"The problem of sequence assembly can be compared to taking many copies of a book, passing them all through a shredder, and piecing a copy of the book back together from only shredded pieces. The book may have many repeated paragraphs, and some shreds may be modified to have typos. Excerpts from another book may be added in, and some shreds may be completely unrecognizable." -Wikipedia
As we move towards analyzing the genome of more complex organisms, the assembly programs needed to increasingly employ more and more sophisticated strategies to handle:
- terabytes of sequencing data which need processing on computing clusters;
- identical and nearly identical sequences (known as repeats) which can, in the worst case, increase the time and space complexity of algorithms exponentially;
- and errors in the fragments from the sequencing instruments, which can confound assembly.
De-novo vs. mapping assembly
In sequence assembly, two different types can be distinguished:
- de-novo: assembling reads together so that they form a new, previously unknown sequence
- mapping: assembling reads against an existing backbone sequence, building a sequence that is similar but not necessarily identical to the backbone sequence
Both types of assembly methods have their own merits and utilities. Mapping based assembly can be useful when one needs to assemble a genome sequence of a specific organism of which a sequence has previously been sequenced or we have a sequence of a closely related specie. Then the usual approach is to use the sequence from the related specie as a guided reference in order to assemble the sequence for the target organism. One case where this could be useful is to improve the sequence itself and secondly construct a previously unknown sequence of a closely related specie.

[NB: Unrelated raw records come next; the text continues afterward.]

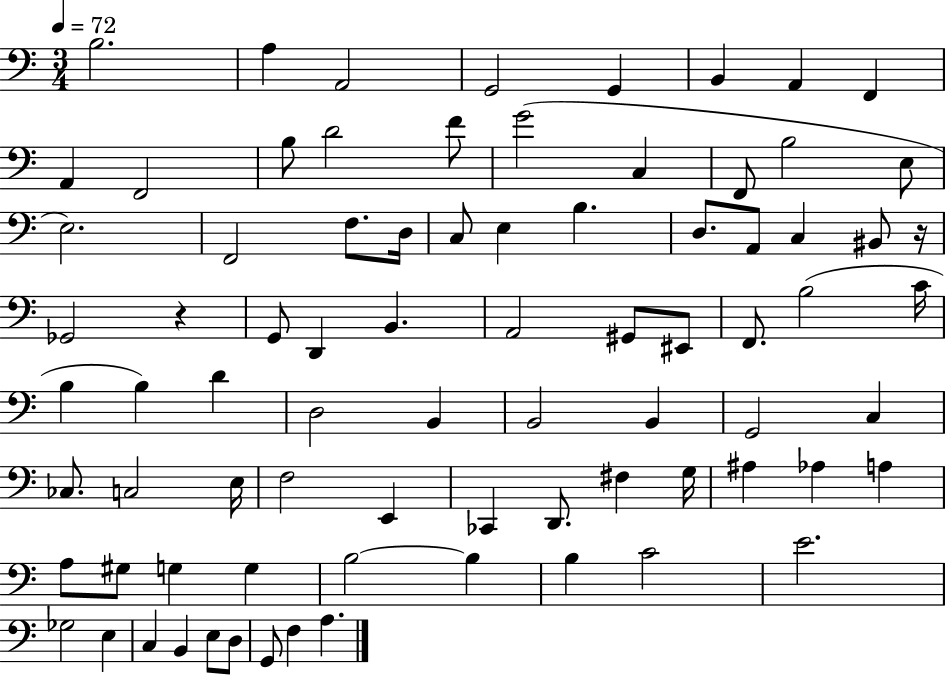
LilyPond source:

{
  \clef bass
  \numericTimeSignature
  \time 3/4
  \key c \major
  \tempo 4 = 72
  \repeat volta 2 { b2. | a4 a,2 | g,2 g,4 | b,4 a,4 f,4 | \break a,4 f,2 | b8 d'2 f'8 | g'2( c4 | f,8 b2 e8 | \break e2.) | f,2 f8. d16 | c8 e4 b4. | d8. a,8 c4 bis,8 r16 | \break ges,2 r4 | g,8 d,4 b,4. | a,2 gis,8 eis,8 | f,8. b2( c'16 | \break b4 b4) d'4 | d2 b,4 | b,2 b,4 | g,2 c4 | \break ces8. c2 e16 | f2 e,4 | ces,4 d,8. fis4 g16 | ais4 aes4 a4 | \break a8 gis8 g4 g4 | b2~~ b4 | b4 c'2 | e'2. | \break ges2 e4 | c4 b,4 e8 d8 | g,8 f4 a4. | } \bar "|."
}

It turns out that we may not have a reference sequence available every time. For the model organisms which have been studied in detail we have a reference sequence but for non-model organisms this is not true. Secondly, since we are using a reference sequence to guide the sequence assembly of reads from the genetic material from another organism, it would introduce bias in how the sequence is assembled. Thus, one would probably want to carry out a de novo assembly even if we have a reference sequence available. Moreover, whereas de novo assembly of genome is about reconstructing a single long string of original genome from Next Generation Sequencing reads, transcriptome assembly requires recovering all isoforms found in the collection. Since a biologist may be interested in discovering previously unknown transcripts and other biologically interesting features, de novo assembly is probably the only option.
de novo assembly is hard since there is no reference sequence to guide the layout for reads. Mathematically, de novo assembly has been shown to belong to a class of NP hard problems. NP hard problems are problems that do not have a polynomial time optimal solution.But one can use good heuristics to get close to the optimal solution.